The station bustles around them as the Gabriels sit stonelike
on their bench outside of Captain Pomeroy's office. Across the room the concerned
patrolman who took their statement so long ago looks over at them. He snaps off
the sad look and turns away guiltily. Paul and Carol sit inches apart, but it
may as well be light-years. They dwell in private capsules now, each alone,
unable to reach out for the other. The only thing they share now is great
failure.
They can see Pomeroy in his office, feet up on his desk,
conversing with a colleague. The colleague is not a cop, at least he wears no
gun, and when he notices the time, he gets up. Pomeroy shows him to the door,
and as it opens, his hearty laugh escapes into the waiting area. The Gabriels
eye him accusatorily; they haven't laughed like that in some time. Upon seeing
the Gabriels, Pomeroy claps up.
"Okay, Jase, we'll finish this later. Mr. and Mrs. Gabriel,
how are you? Come on in, let's review."
They enter his office. Paul and Carol take seats and Pomeroy
plunks himself down, wearily now, behind his desk, sighing deeply. "I tell you,
things are not quiet around here. Never too quiet."
He riffles through several manila folders and comes up with
his copy of the file with a picture of Jamie Gabriel stapled to the cover.
Pomeroy dons a pair of plastic-rimmed reading glasses and skims the case much
like a merchant reviewing an account. His lips skip and mumble along with his
eyes, his volume low. "Case estab'd Oct. 24 . . . Fourteen months . . . Last
seen, night before...No evidence struggle. Area disappearance: Auburn Manor
neighborhood, Wayne T'ship. Exact unknown. Listed: Miss Pers Bureau, Nat Cent of
Missing and Exploited ...Children of Night...Proj Shelter . . . Runaway Hotline
. . . Angel Find ...Cross-listed with State Police, Sheriff's Dept., and Federal
Bureau"
"Do you have any new information? Anything?"

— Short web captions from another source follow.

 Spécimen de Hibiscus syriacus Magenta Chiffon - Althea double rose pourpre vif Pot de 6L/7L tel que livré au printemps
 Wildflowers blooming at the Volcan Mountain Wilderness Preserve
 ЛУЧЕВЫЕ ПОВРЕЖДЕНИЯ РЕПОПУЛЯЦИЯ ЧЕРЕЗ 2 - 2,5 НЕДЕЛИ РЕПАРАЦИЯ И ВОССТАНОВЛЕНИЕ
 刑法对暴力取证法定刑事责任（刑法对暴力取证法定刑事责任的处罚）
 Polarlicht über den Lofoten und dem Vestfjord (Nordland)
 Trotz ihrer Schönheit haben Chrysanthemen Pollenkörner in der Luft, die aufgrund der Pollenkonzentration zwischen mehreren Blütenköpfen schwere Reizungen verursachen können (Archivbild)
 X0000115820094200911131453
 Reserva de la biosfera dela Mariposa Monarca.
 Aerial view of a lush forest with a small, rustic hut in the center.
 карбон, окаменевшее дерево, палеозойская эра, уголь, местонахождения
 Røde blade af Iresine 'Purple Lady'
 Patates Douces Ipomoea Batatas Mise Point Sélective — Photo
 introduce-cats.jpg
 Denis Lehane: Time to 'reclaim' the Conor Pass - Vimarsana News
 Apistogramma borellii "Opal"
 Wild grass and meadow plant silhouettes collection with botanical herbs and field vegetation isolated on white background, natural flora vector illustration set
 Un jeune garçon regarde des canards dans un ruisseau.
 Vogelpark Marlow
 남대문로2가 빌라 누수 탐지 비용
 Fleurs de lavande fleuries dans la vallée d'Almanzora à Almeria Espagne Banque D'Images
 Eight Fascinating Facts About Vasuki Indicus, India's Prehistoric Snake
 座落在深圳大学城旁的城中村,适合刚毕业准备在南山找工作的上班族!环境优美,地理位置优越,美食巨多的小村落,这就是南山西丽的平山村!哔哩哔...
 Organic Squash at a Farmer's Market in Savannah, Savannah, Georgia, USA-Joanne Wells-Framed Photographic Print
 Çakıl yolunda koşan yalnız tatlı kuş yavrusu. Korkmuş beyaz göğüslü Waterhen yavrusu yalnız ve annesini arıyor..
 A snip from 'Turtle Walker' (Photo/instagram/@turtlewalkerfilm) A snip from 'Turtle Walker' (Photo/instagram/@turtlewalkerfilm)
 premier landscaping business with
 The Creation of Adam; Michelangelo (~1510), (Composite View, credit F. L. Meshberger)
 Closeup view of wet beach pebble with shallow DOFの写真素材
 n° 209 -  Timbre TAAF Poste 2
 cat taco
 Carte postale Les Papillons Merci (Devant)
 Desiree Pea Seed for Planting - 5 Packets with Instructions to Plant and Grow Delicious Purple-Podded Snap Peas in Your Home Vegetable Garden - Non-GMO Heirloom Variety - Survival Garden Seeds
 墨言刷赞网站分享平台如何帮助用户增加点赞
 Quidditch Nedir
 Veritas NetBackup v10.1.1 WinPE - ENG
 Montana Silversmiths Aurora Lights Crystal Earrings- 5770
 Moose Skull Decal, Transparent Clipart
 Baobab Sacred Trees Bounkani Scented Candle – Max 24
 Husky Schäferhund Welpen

Pomeroy doesn't acknowledge hearing the question and
continues to scan for another moment. He pushes up his glasses and gives a finger
massage to the bridge of his nose. "As you can see by your copy of the report,
we haven't been able to develop any hard leads yet."
"What are you people doing about it currently?"
"I want to assure you, the case is still active. In these
situations, missing youths, runaways . . ."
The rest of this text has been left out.